Here is a sample configuration:
FLUSH_INTERVAL = 128-256 for a 48x0, 64-96 for a 38x0 (the optimum setting so that the GPU remains at 100% regardless of the WU, without causing too much lag should be within these ranges).
BROOK_YIELD = 2 (to stop utilising 100% of the CPU and therefore allow an additional CPU client to be started)
CAL_PRE_FLUSH = 1
CAL_NO_FLUSH = 1 (but should be reverted to 0 if it causes too many VPU Recovers).
For nVidia cards
NV_FAH_CPU_AFFINITY is used to set the affinity of the core. It is not normally set up, unless you have trouble with program conflicts (performance degraded by sharing a CPU core with another program). Acceptable values are 0 to 15 (numerical values) ... this is actually a binary mask such that each bit represents a CPU: CPU3, CPU2, CPU1, CPU0. A value of 1 allows access to the CPU in question, and a value of 0 prohibits access. A numeric value 0 is the default: it allows access to all cores. If you use this variable in a custom configuration, it is recommended to enable the client option "do not lock cores to specific CPU" in the configuration.
Here are some examples for different values, as well as significant values:
1 -> 0001: CPU0 only
2 -> 0010: CPU1 only
3 -> 0011: CPU1 and CPU0 ... recommended for a dual core.
7 -> 0111: CPU2, CPU0 and CPU1 ... value adapted to a tri core.
9 -> 1001: CPU3 and CPU0
11 -> 1011: CPU3, CPU0 and CPU1
15 -> 1111: CPU3, CPU2, ... CPU0 and CPU1 value adapted to a quad core.
Most values are exotic combinations as you can see (1, 3, 9, 11, ...) but can be useful if you have a particular need. The most common values are 0 (default), 3 (dual core), 7 (tri core) and 15 (quad core).
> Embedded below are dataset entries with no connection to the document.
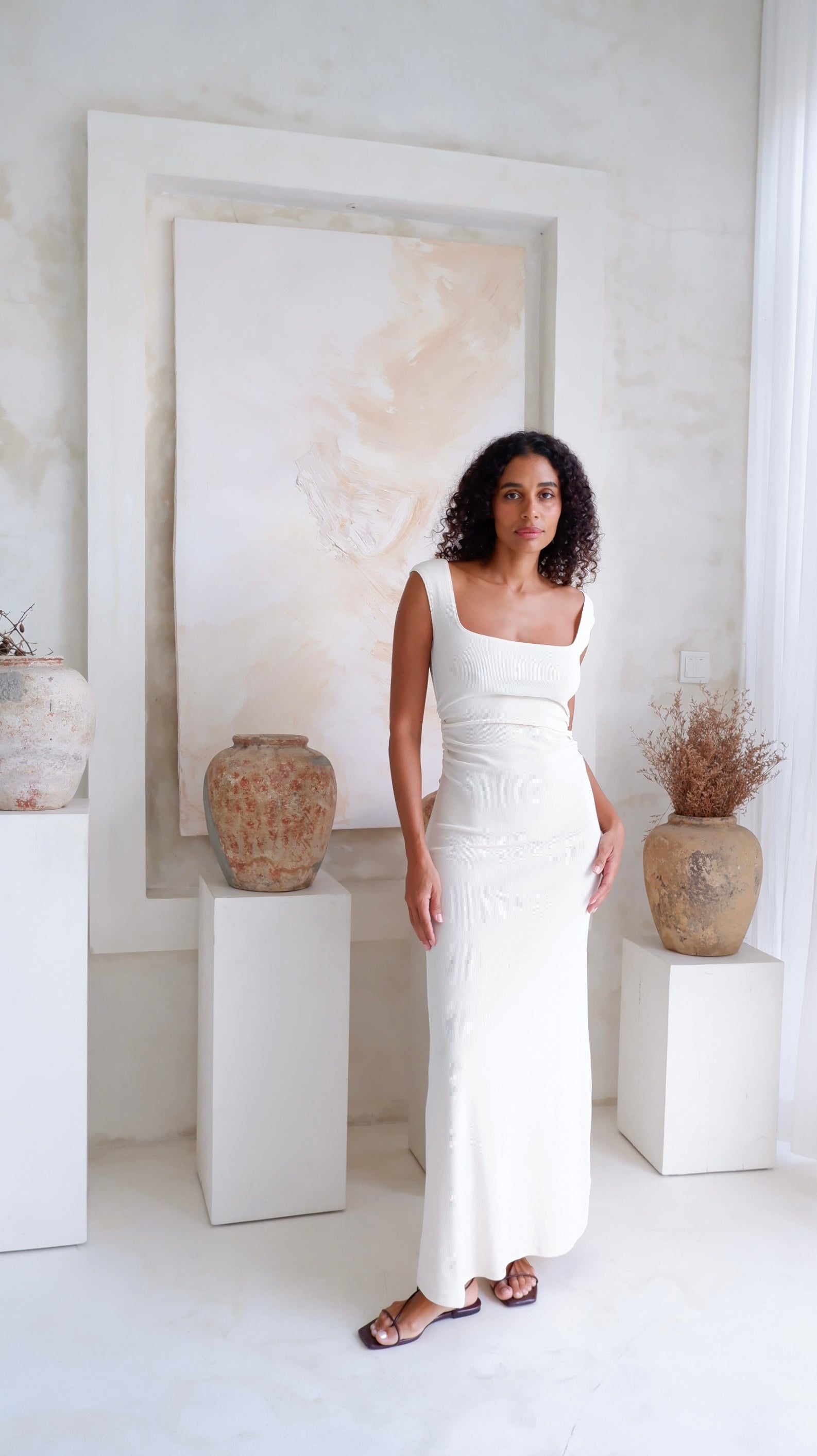Naia Tank Dress | Vanilla Rib $290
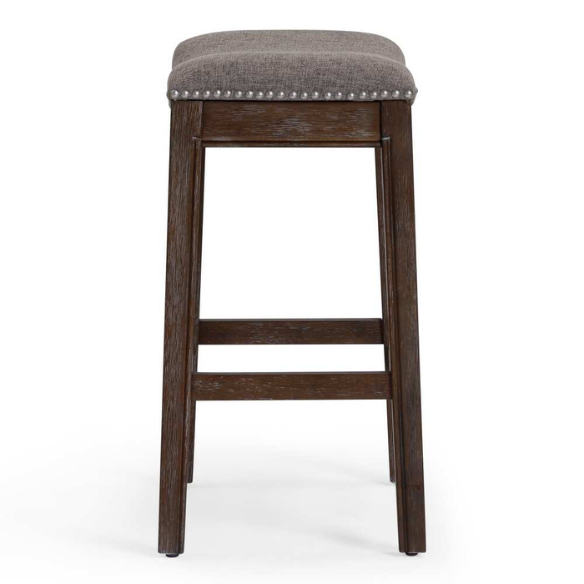 Saddle-Seat Wood Bar Stool with Upholstered Seat – Stylish and Durable Counter/Bar Stool in Weathered Natural or Distressed Espresso Finish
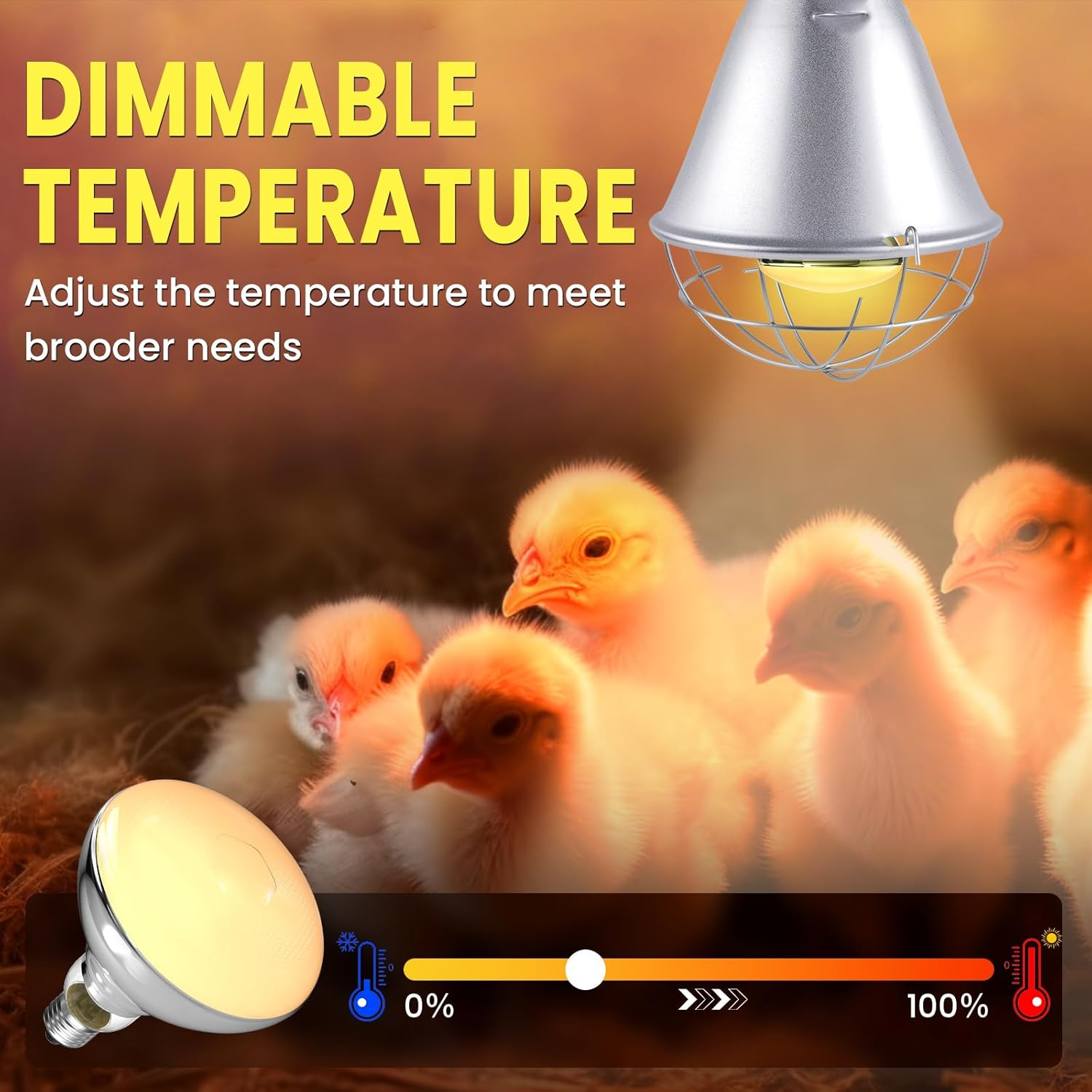 250W Heat Lamp - E27 Bulb for Poultry, Food, Catering, Brooding & Chicks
FAH_GPU_IDLE is a variable that was introduced with the 1.26 core to help reduce the overheating of some cards with some WUs at the request of some members of the community. Its value corresponds to the rate of waiting time we wish to introduce into the core. For example, a value of 10 corresponds to 10% of waiting time. The decline in performance is not necessarily proportional to the waiting time: in fact, depending on the calculations, it may not be possible to maintain exactly the value requested. This value is a target, but in practice, the actual waiting time will vary around this value. If your card has problems with overheating, you can use this to find the value that suits you best to keep reasonable performance, while limiting overheating of your card.
Happy folding on the GPU.